**ABOUT THIS EXERCISE:**
Could you restate word for word each line from the top of the listing below through the line containing "The eclipse begins"? Keep the pictures out.

**RECORDS SUPPLIED:**
┌──

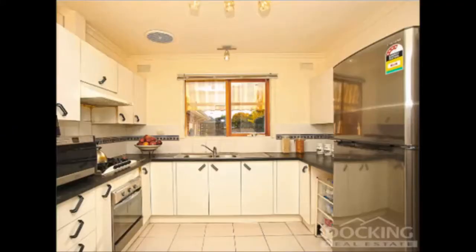The property's got a very functional kitchen which has pretty much got everything that you need.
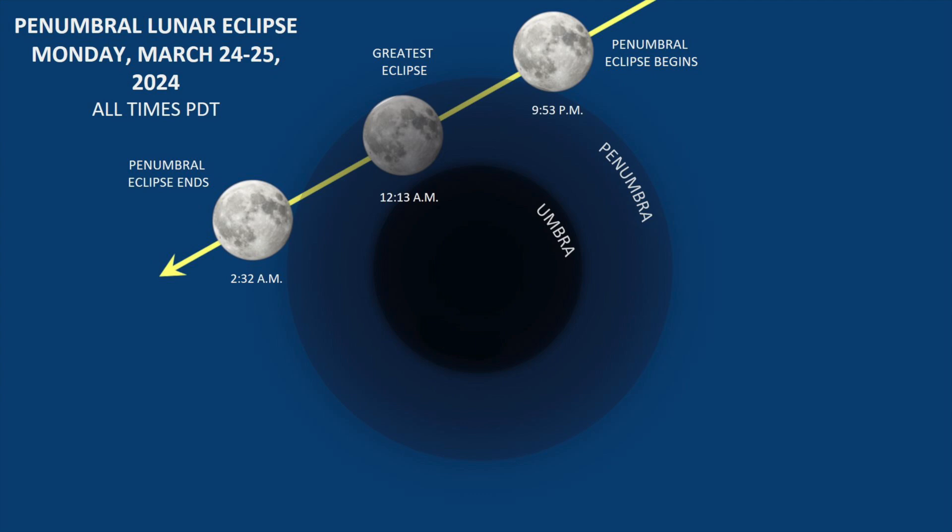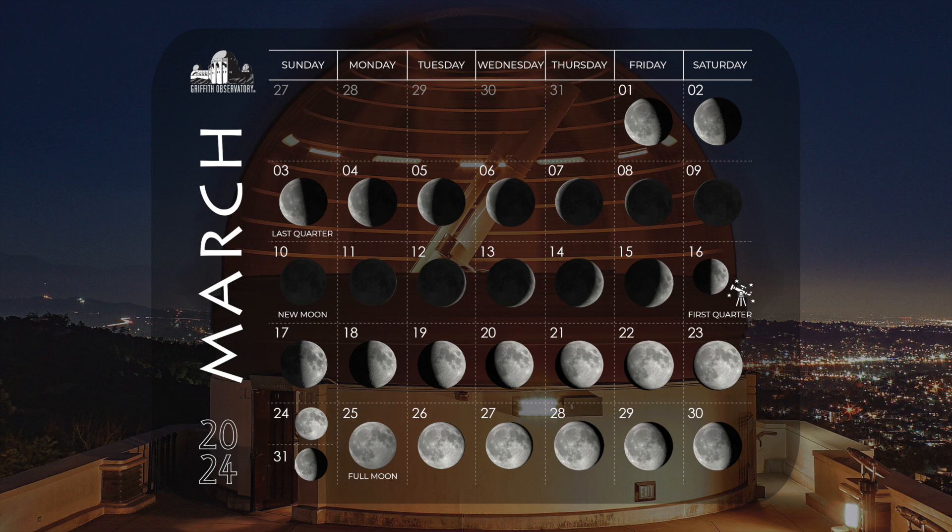The eclipse begins at 9:53 pm on March 24th and ends at 2:32 am on March 25th. Here is your lunar calendar for the month of March: last quarter is on the 3rd, the new moon is on the 10th, the first quarter is on the 16th, and the full moon is on the 25th.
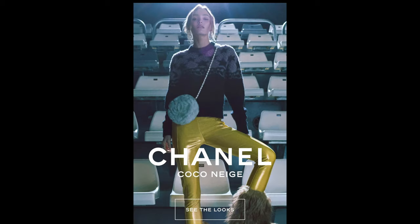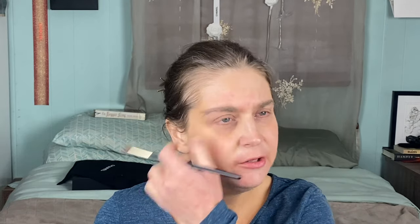Coco Neige just dropped recently and it has Lily Rose Depp as the sort of face of it. The campaign is very moody — it's all very much Lily Rose Depp after hours in an ice skating rink. I wanted to talk about the looks because it's a very limited capsule collection. They've been doing this for two or three years now — they do Coco Beach in the summer, and this is sort of like their snow bunny collection, like if you're skiing in the Alps as opposed to Coco Beach on the Mediterranean stopping at Saint Tropez. It's for people with much more money than I do, but I still want to take a look at some of the looks because some of this stuff is pretty cute and some of it is just like, no, no thank you.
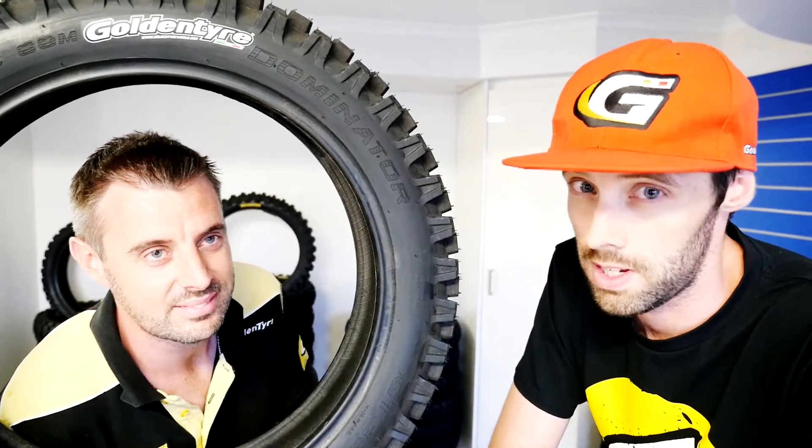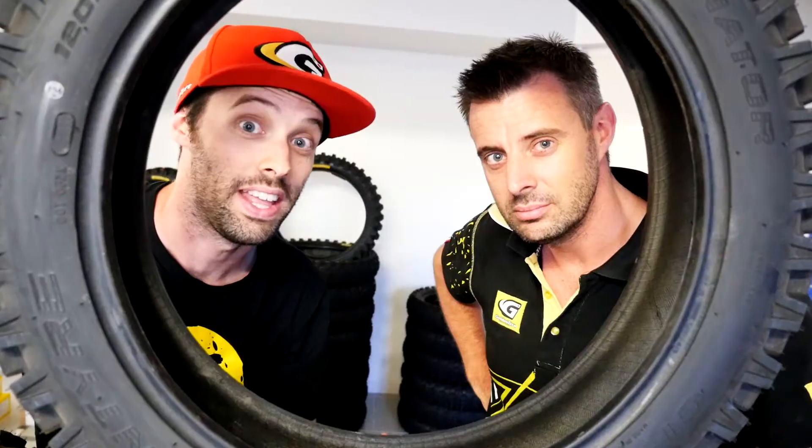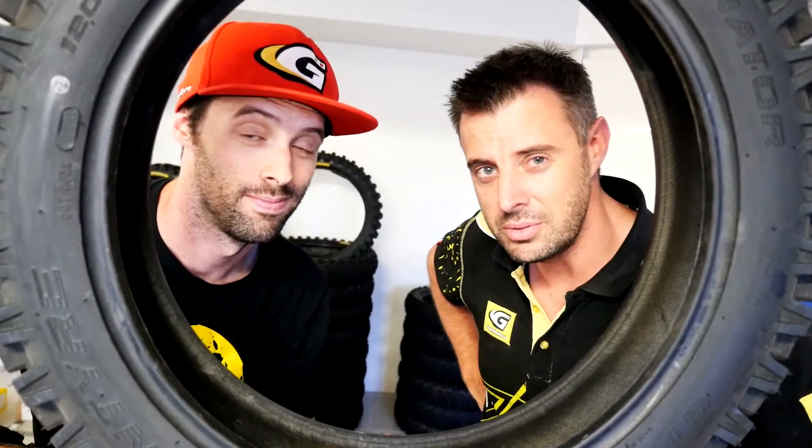What tyres are the Australian KTM Enduro team using? The KTM Enduro team have been using Golden Tyre since 2015. They use a GT216 front, paired with a GT333 or a GT232 rear. And they love them — Daniel Sanders loves them, and Toby Price loves them.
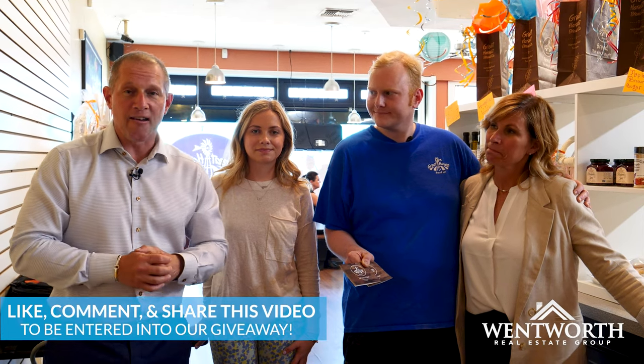We're super excited for this giveaway. Mac, tell them what we have. Two $50 gift cards, and that's good for any bread, sandwich, sweet, anything you would like. So that is two chances to win a $50 gift card for two people. All you have to do is like, comment, and share this video, and we will be drawing very soon.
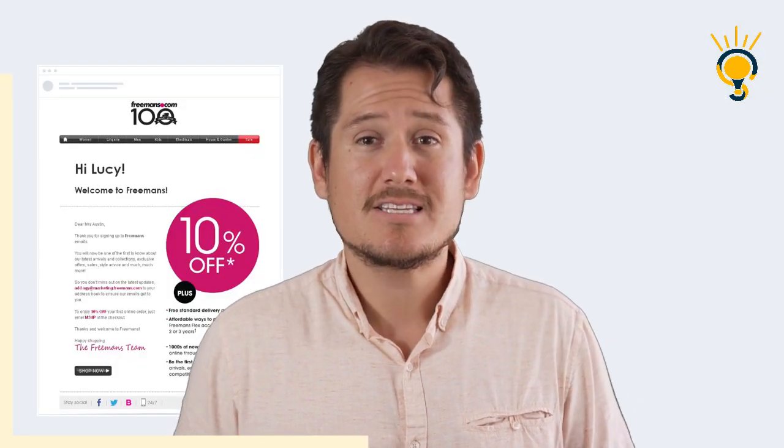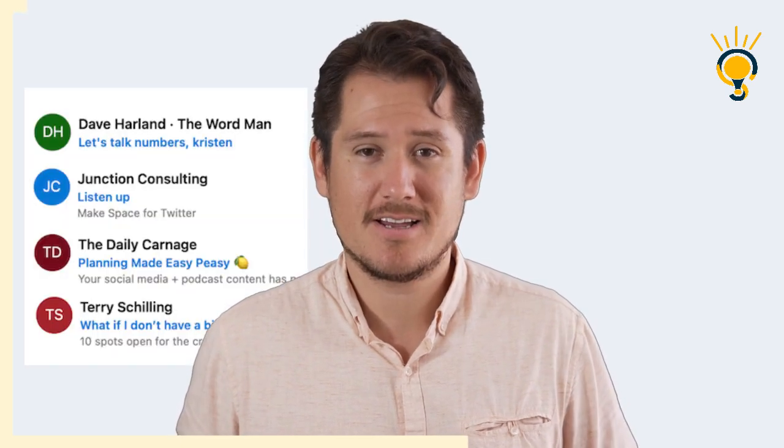Number two: personalization is the key. Personalization is the secret sauce that makes your emails stand out. A marketing expert says: address subscribers by name and tailor content based on their preferences and behavior.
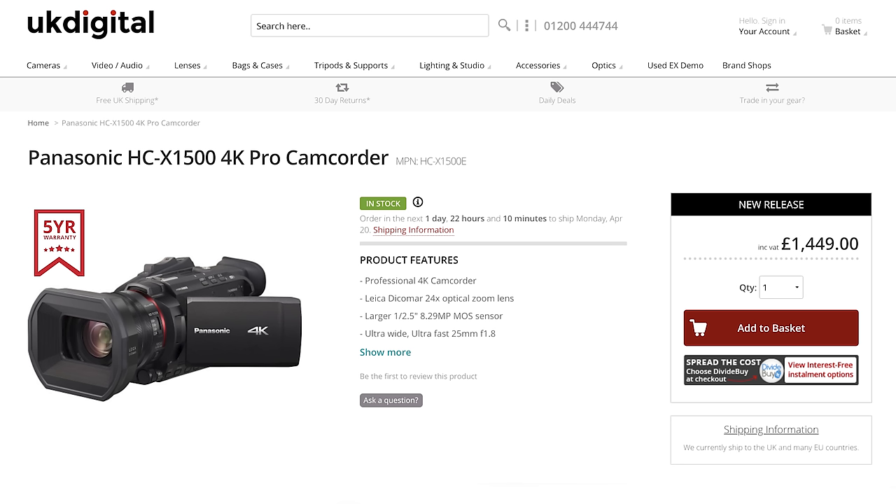This camera retails in the UK for £1,500, which price-wise compares closely to the Panasonic GH5, Sony a7 III, or Blackmagic 4K cameras. However, all those cameras have exchangeable lens systems, and the GH5 or a7 III can also shoot photos. This camera has no photography options — you can capture still images from video during playback, but that's about it.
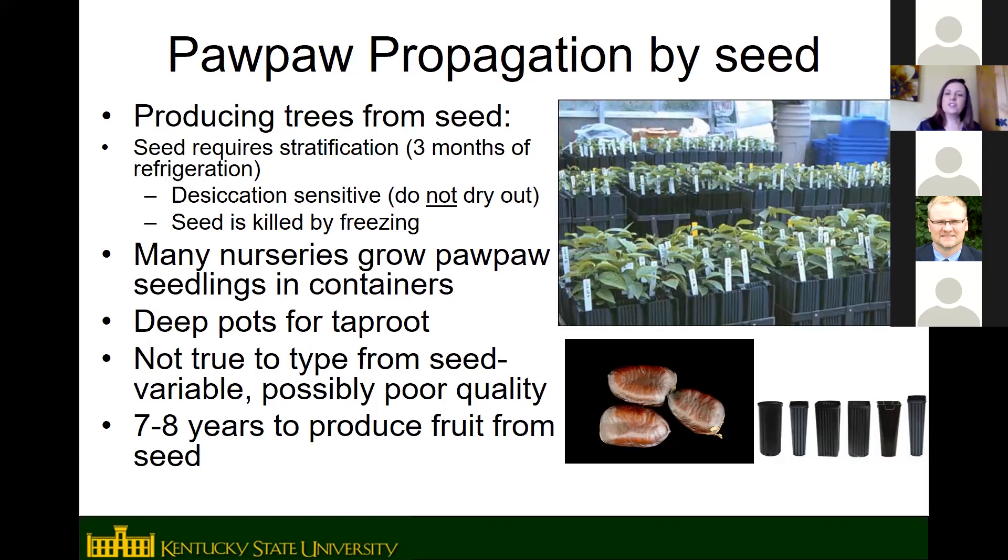Nurseries usually start pawpaws in containers because of their taproot — they're hard to start in a field and then dig. They need deep pots to accommodate the taproot. Starting from seed, know that seedlings are not true to type — they won't be identical to the parent. If from good parents, the seedlings are likely to have decent fruit; from wild trees with poor fruit, probably not great. It also takes 7 to 8 years for seedling-grown trees to produce fruit.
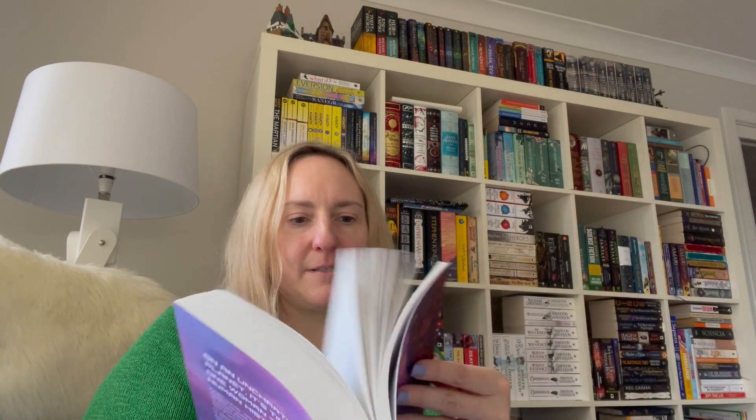Oh my gosh, I'm so happy with this. This is Meru — I really want to read this book. This is one of my anticipated releases, so I'm so excited to get it. And it's beautiful, soft cover. I mean, it's not overly floppy, but oh my gosh, it's so beautiful.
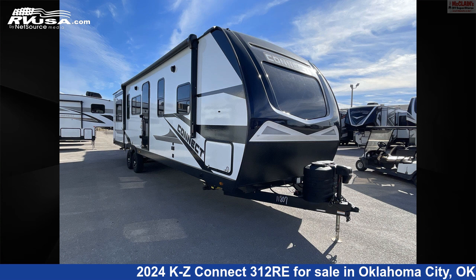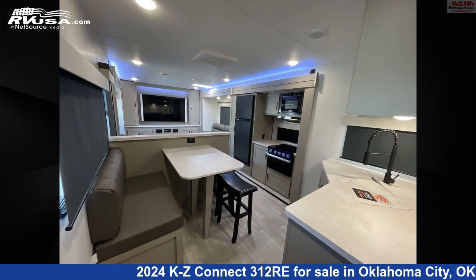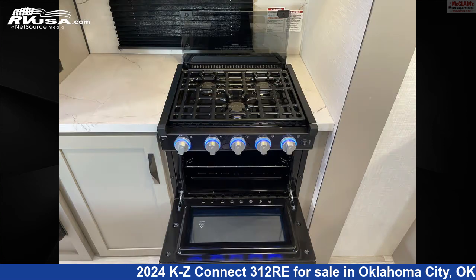This 2024 KZ Connect 312 Re is a Travel Trailer RV. It is located in Oklahoma City, Oklahoma, 73127 and is offered for sale by McLean's RV Oklahoma City. Click the link in the video description to visit RVUSA.com and see more photos as well as the current price.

└──

**RESPONSE AREA:**
The property's got a very functional kitchen which has pretty much got everything that you need.
The eclipse begins at 9:53 pm on March 24th and ends at 2:32 am on March 25th. Here is your lunar calendar for the month of March: last quarter is on the 3rd, the new moon is on the 10th, the first quarter is on the 16th, and the full moon is on the 25th.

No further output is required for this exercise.